/ 9 July 1999

Discovering the universe in a small town

Alex Dodd

Halfway up the main staircase of the Albany Museum, stuck to a bright red wall are the following words: “The universe is not to be narrowed down to the limits of the understanding which has been man’s practice up to now, but the understanding must be stretched and enlarged to take in the universe as it is discovered.” Although he might never have heard of this strange little cauldron of a town, Francis Bacon could well have been describing the impetus that fuels the most challenging work at Grahamstown this year.

By far the most raved about productions this warm winter have been those that dance and dabble in imaginal worlds: the theatre of the subconscious. There is always one production that haunts. Even as the plane alights from the runway at Port Elizabeth airport, its startling images and new sense refuse to be assigned to the storehold of cumulative memory.

Last year the production was Elizabeth – its creator Denise Stoklos, the turbo- charged Brazilian storyteller who is capable of turning herself into a mad queen one moment and a prehistoric bird the next.

This year the production that has left audiences feeling like awed children is undoubtedly Dedale. French choreographer and theatre wizard Philippe Genty’s production is like a 3-D moving painting by Rene Magritte. Reminiscent of nonsense poems by Edward Lear, this mind game of a play subverts the conscious, daytime world as we know it and enters the territory of dreaming.

Nothing can be taken for granted: not scale, not gravity, not morality. The actors create a world in which people eat their lovers’ faces and women feed pieces of their sliced up breasts to hungry fishes in a wavy sea.

Possibly one of the most intriguing things about this journey into the world of a mind undisciplined, is the very rigour and discipline that must go into making such chaos believable. The special effects in Dedale are to theatre what The Matrix is to cinema. When a city at night turns into the sea and then the entire sea disappears within seconds to become a flat stage you find yourself wandering how that sea was supported. These scientists of make believe could rob your entire house while you were watching Supersport.

Artistically South Africans are often like bold and untamed teenagers. Here artists are more often than not brave and pioneering, but alternative work often lacks polish. The practice, endurance and adherence to rules that lends a weightiness to much European art is something that comes out of an ancient society where art is as much of a discipline as science. This reality is burningly tangible in Dedale. The polish and perfection, the split-second timing and the seamlessness of illusions all lend magic to the play.

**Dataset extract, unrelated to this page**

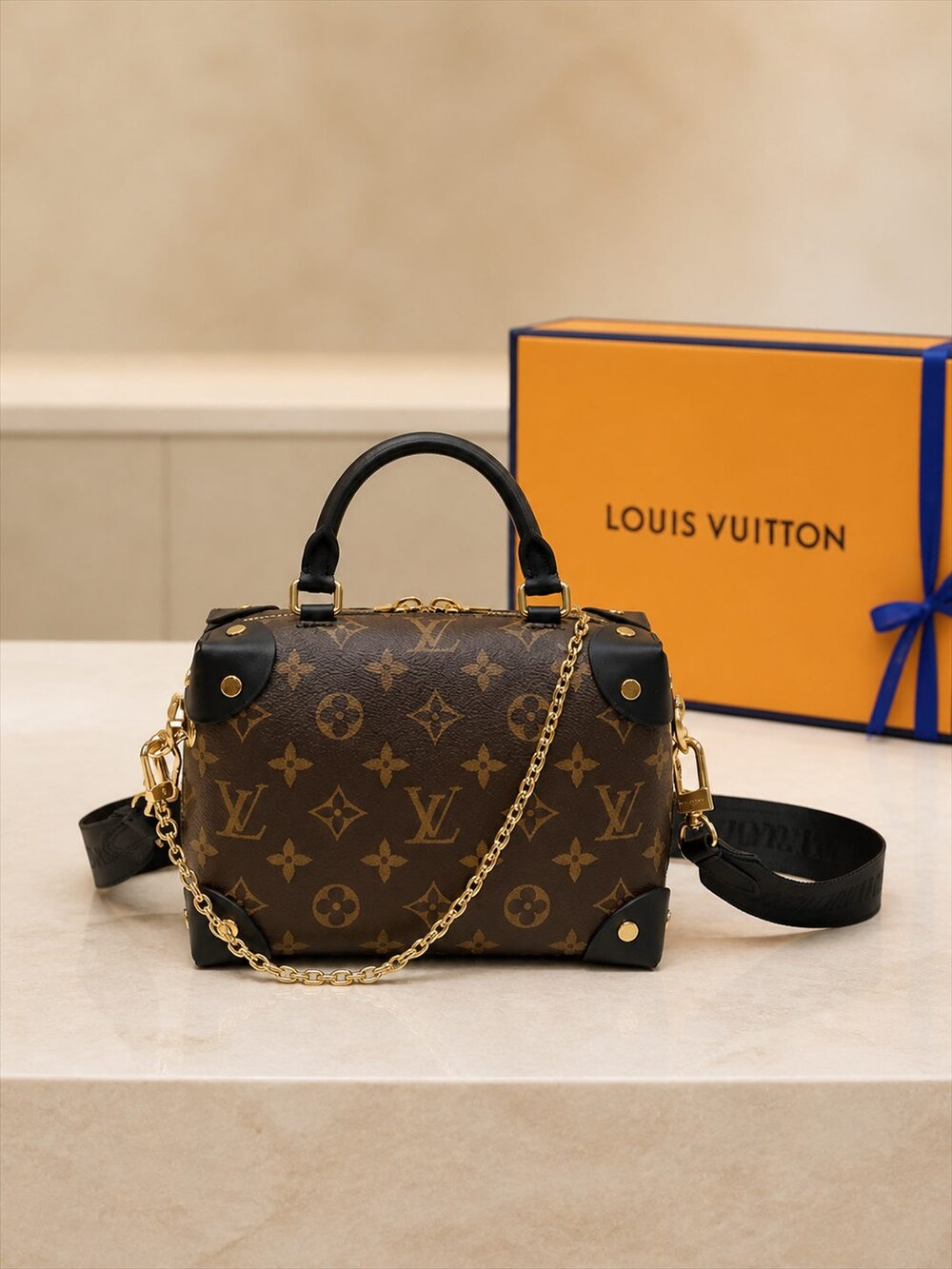 Louis Vuitton Petite Malle Souple Monogram Canvas Handle Bag - Picture 3 of 9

This frivolity and delight was severely lacking in Chris Pretorius’s Dark Continent, a grim journey along a dark river with a man losing his mind. “I think the fear of drifting into darkness, chaos, irrational terror, regressing into a state of the unsubdued preconscious, is still very much with us today,” says Pretorius. It is possibly this issue of fear that differentiates Pretorius’s work from Genty’s. Dark Continent is all about the protagonist’s fear of loss: losing the rules of the continent from which he believes he originates, as he enters the murkier territory of the unknown. It is the protagonist’s fear of the darkness that is his own undoing.

Genty’s cast on the other hand is past caring – beyond redemption. They’ve willingly relented to the dark continent of the mind and bask in its lack of conscious rules and regulations. The future is as much of an illusion as gravity or love in Dedale and therefore there is nothing to fear.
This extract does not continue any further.